The rise of the non-veggie vegetarian
http://news.bbc.co.uk/2/hi/uk_news/magazine/8341002.stm

By Finlo Rohrer
BBC News Magazine

Vegetarianism used to be simple - its protagonists foreswore the flesh of any dead animal. Today there are "veggies" who eat fish, and people who eat no meat but don't call themselves vegetarians. What happened?
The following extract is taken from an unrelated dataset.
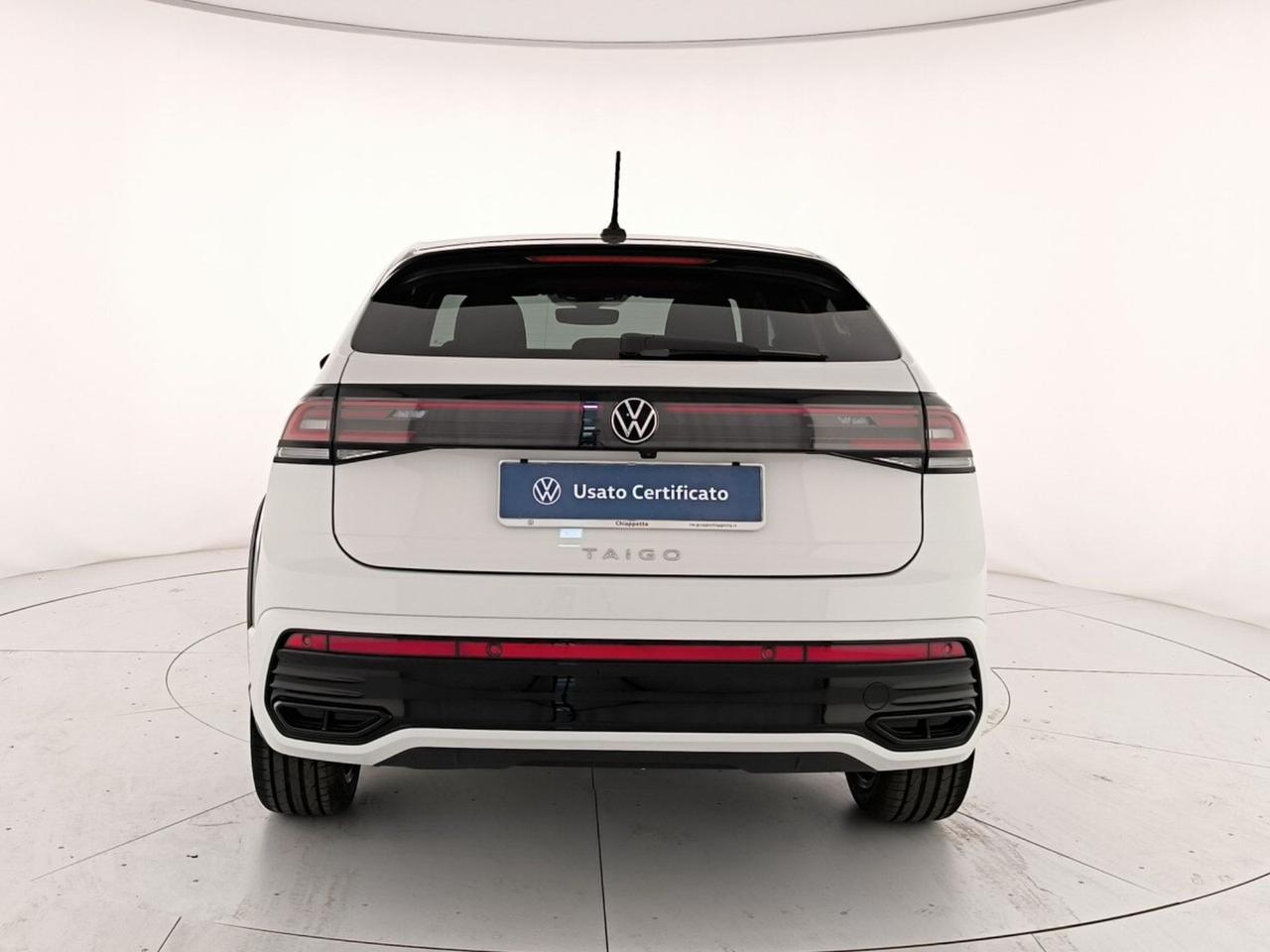 Volkswagen Taigo 1.0 tsi r-line plus 115cv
The conversation usually goes something a bit like this:

"Yeah, I'm a vegetarian."

"But that looks like fish you're eating."

"Oh yeah, I eat fish."

Confusion, perplexity and occasionally heated debate can follow as the "vegetarian" and their interrogator cover the issue of what is an animal and whether fish feel pain. But the Vegetarian Society, which has acted as the custodian of British vegetarianism since 1847, has a simple definition.

"A vegetarian does not eat any meat, poultry, game, fish, shellfish or crustacean, or slaughter byproducts," it says. They can make that even more pithy: "We don't eat dead things."

The society tackles the issue of fish-eating vegetarians with a page headed in red capitals: "VEGETARIANS DO NOT EAT FISH."

Juliet Gellatley, director of the vegan and vegetarian group Viva, is also clear on the issue of whether fish eaters can use the term vegetarian.

"They cannot. The definition is very clear. It's someone who doesn't eat anything from a killed animal.

"It does cause confusion if someone who calls themselves a vegetarian goes into a restaurant and orders a prawn cocktail."

Many of the fish-eating vegetarians will be making a dietary exception for health reasons. The government advises the consumption of at least two portions of fish a week, one of which should be oily fish. This intake is thought to help fight heart disease. Vegetarian organisations have to counter by noting that some nutritional benefits of eating oily fish can be gained from elsewhere. They recommend things like flaxseed oil and walnuts.  VARIANTS
Classic vegetarian: Eats no part of any dead animal
Vegan: Eats no animal product
Meat-avoider: Tries not to to eat meat but has occasional lapses
Meat-reducer: Is trying to eat less meat, probably for health reasons
Green eater: Avoids meat because of environmental impact

There may also be a tendency among some fish-eating vegetarians to assign a different ethical equation to the consumption of fish. It is something that is vehemently rejected by vegetarians.

"There is ample evidence in peer-reviewed scientific journals that mammals experience not just pain, but also mental suffering including fear, anticipation, foreboding, anxiety, stress, terror and trauma," says Revd Prof Andrew Linzey, director of the Oxford Centre for Animal Ethics and author of Why Animal Suffering Matters.

"The case for fish isn't so strong, but scientific evidence at least shows that they experience pain and fear. Anyone who wants to avoid causing pain should give up eating fish."

But there is a wider problem of identification.

"Fish don't invoke the same compassionate response that a calf, lamb, piglet, or duck does," says Ms Gellatley. "We are mammals, we relate much better to other mammals. When we see a pig in a factory farm and you can see that animal is in pain that has a very direct effect on people."

Vegetarian escalator

And then there's the issue of depleted fish stocks.

Fish-eating vegetarians used to have their own term - "pescetarian" - although it seems not to be in common use today. But, Ms Gellatley says, there is a rise in the use of a new term for the part-vegetarian.
Eschew on that - vegetarians typically start by giving up red meat

"The name 'flexitarian' is coming into use. It's fairly meaningless really."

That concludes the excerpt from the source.